A nano-innate immune system activator for cancer therapy in a 4T1 tumor-bearing mouse model

Background: Harnessing the immune system to fight cancer has led to prominent clinical successes. Strategies to stimulate innate immune effectors are attracting considerable interest in cancer therapy. Here, through conjugating multivalent Fc fragments onto the surface of mesoporous silica nanoparticles (MSN), we developed a nanoparticlebased innate immune system activator (NISA) for breast cancer immunotherapy. Methods: NISA was prepared through conjugating mouse IgG3 Fc to MSN surface. Then, long-chain PEG(5000), which was used to shield Fc to confer nanoparticle colloidal stability, was linked to the MSN surface via matrix metalloprotease-2 (MMP-2)-cleavable peptide (GPLGIAGQC). The activation of multiple components of innate immune system, including complement and the innate cells (macrophages and dendritic cells) and the associated anticancer effect were investigated. Results: Fc fragments of NISA can be exposed through hydrolysis of long-chain PEG(5000) by highly expressed MMP-2 in tumor microenvironment.

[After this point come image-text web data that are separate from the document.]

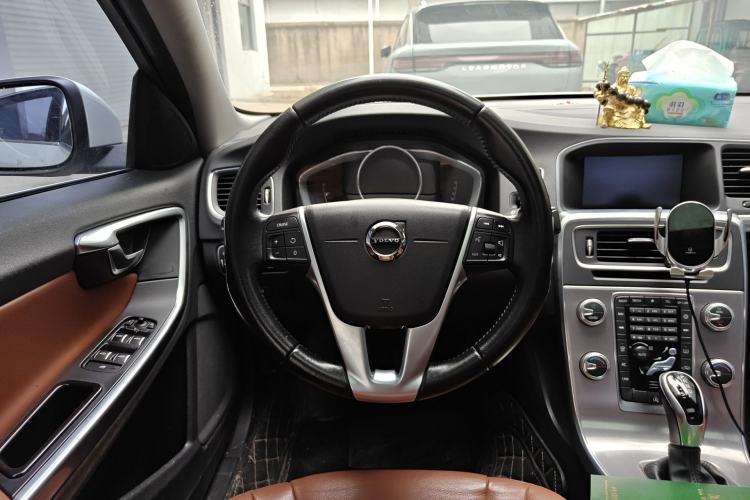 Used Volvo S60 2018 S60L T5 Intelligent Drive Edition
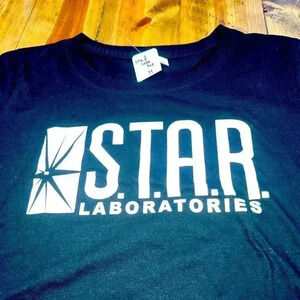 STAR LABORATORIES GRAFFIC TEE DC extended Advanced research laboratory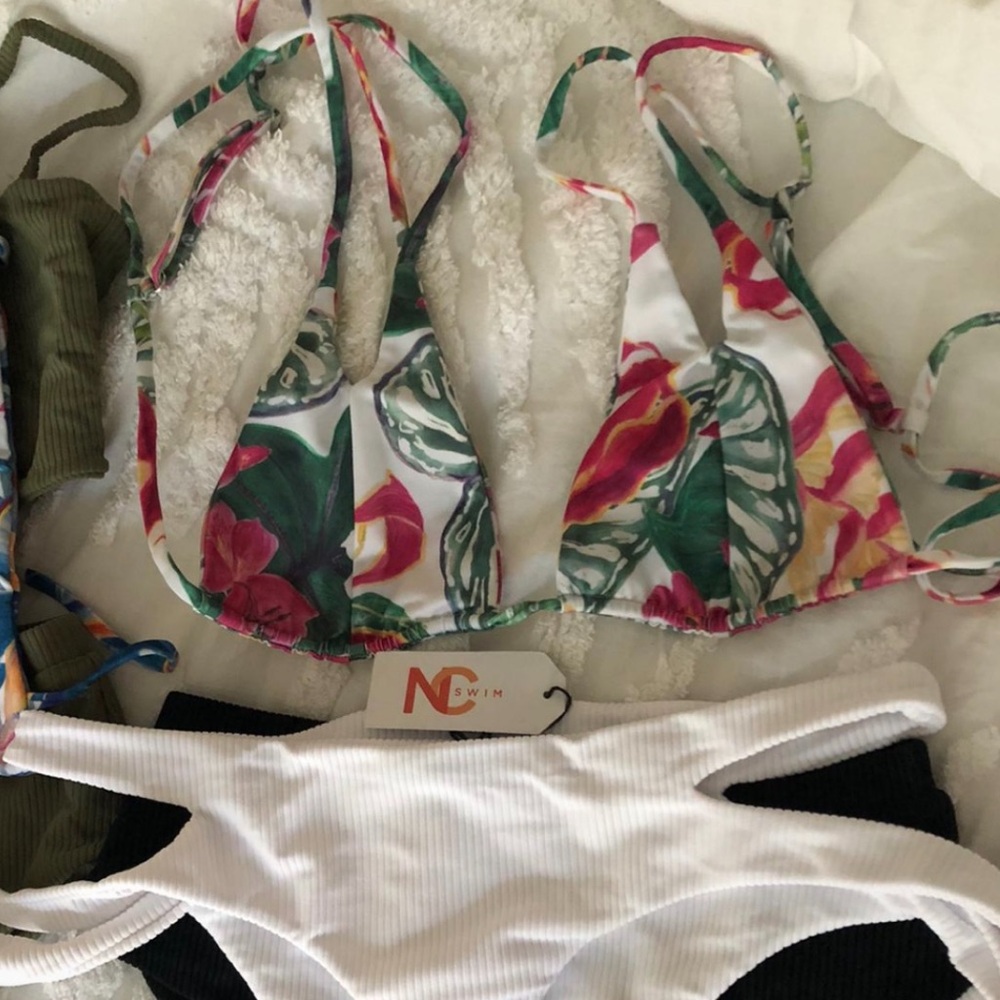 Tropical floral print Bikini top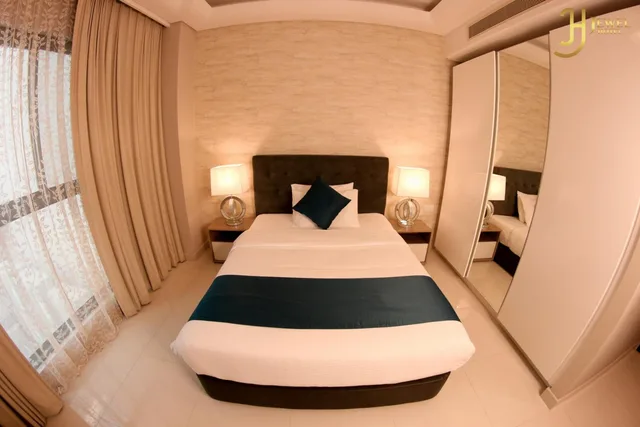 جناح تنفيذي بسرير كينج بغرفتي نوم، The Jewel Hotel 5/10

Then, effective stimulation and activation of multiple components of innate immune system, including complement, macrophages, and dendritic cells were obtained, leading to efficient antitumor effect in 4T1 breast cancer cells and orthotopic breast tumor model in mice. Conclusions: The antitumor potency conferred by NISA highlights the significance of stimulating multiple innate immune elements in cancer immunotherapy.

Automated summary

By conjugating multivalent Fc fragments onto the surface of mesoporous silica nanoparticles (MSN), a nanoparticle-based innate immune system activator (NISA) was developed for breast cancer immunotherapy. The Fc fragments of NISA can be exposed through hydrolysis of long-chain PEG(5000) by highly expressed MMP-2 in the tumor microenvironment, resulting in the activation of multiple components of the innate immune system, including complement, macrophages, and dendritic cells, and efficient antitumor effect.